Wednesday, August 6, 2008

Hiroshima


Today is the 63rd anniversary of the detonation of the first atomic weapon of mass destruction. The United States dropped the bomb, nicknamed "Little Boy," at about 8:15 AM on Monday, August 6, 1945, on the Japanese city of Hiroshima, killing 80,000 people (by the end of the year the numbers had risen to 140,000). Three days later, August 9, the second bomb, "Fat Man," was dropped on the city of Nagasaki eventually killing 80,000 people.

This is one of the six photographs recording the disaster of Hiroshima. A precious photograph taken only three hours or so after the explosion.

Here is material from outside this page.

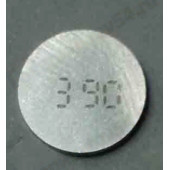 Шайба регулировки клапанов ВАЗ 2108 (пятак) 3,90 <b>АВТОВАЗ 2108-1007056-38</b>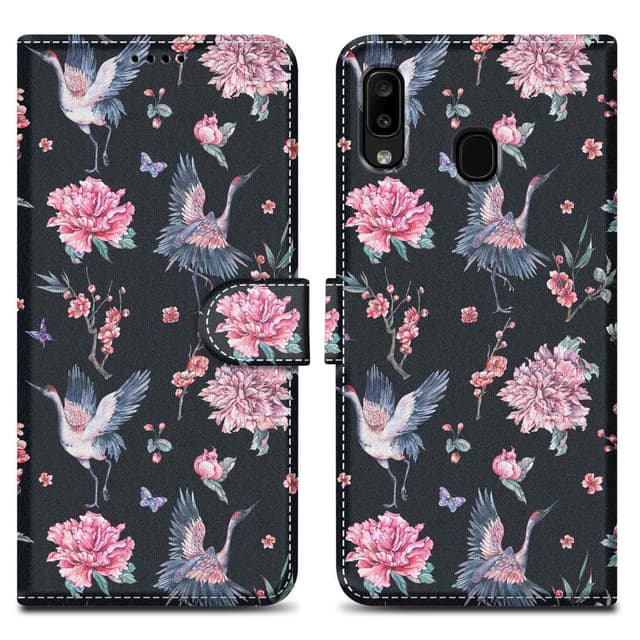Samsung Galaxy A20 / A30 / M10s Plånboksfodral Skal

Mr. Matsushige, who was a news cameraman then, wrote in the "Hiroshima Tokuho," issued on August 6, 1980, based on his experience, as follows:
"...in front of the police box of Senda township located at the west end of Miyuki Bridge, a policeman took off the lid of an oil can and started to give first aid treatment to the people with burns, but the number of the injured increased rapidly. I thought this must be photographed and held the camera in position. The scene I saw through the finder was too cruel. Among the hundreds of injured persons of whom you cannot tell the difference between male and female, there were children screaming 'It's hot, it's hot!' and infants crying over the body of their mother who appeared to be already dead. I tried to pull myself together by telling myself that I'm a news cameraman, and it is my duty and privilege to take a photograph, even if it is just one, and even if people take me as a devil or a cold-hearted man. I finally managed to press the shutter, but when I looked through the finder for the second time, the object was blurred by tears." (http://www.gensuikin.org/english/photo.html)

At the Peace Memorial Park this morning in Hiroshima Mayor Tadatoshi Akiba said "We who seek the abolition of nuclear weapons are the majority....
Last year 170 countries voted in favour of Japan's U.N. Resolution calling for the abolition of nuclear weapons. Only three countries, the United States among them, opposed this resolution,"
The memorial speech was attended by the ambassador of nuclear-armed China, as well as Prime Minister Yasuo Fukuda and elderly survivors of the attack.

Officially the bombs were necessary to prevent the greater loss of life that would result from an American invasion of Japan. I don't know if this is true or not. I do know that we are living in a world with far too many nuclear weapons.
We are fighting a war in Iraq because (officially) our government was convinced that Saddam Hussein had developed atomic weapons. He did not. We have come close to war with North Korea and Iran over their development of nuclear weapons.
Earlier this year, if I remember right, Sen. Barak Obama said that he would talk to the leaders of Iran and that nuclear weapons would be off the table. Sen. Clinton made much of that promise, criticizing him for making it.

I sure do hope it's a promise he keeps. I fear for our world. I believe that if we aren't careful atomic weapons will yet destroy us. Whether it's the unsupervised weapons left over from the Soviet Union or weapons produced by new nuclear powers like Iran I am afraid for our world. We must speak out and hope to whatever God we worship that we can disarm before it's too late if it isn't already.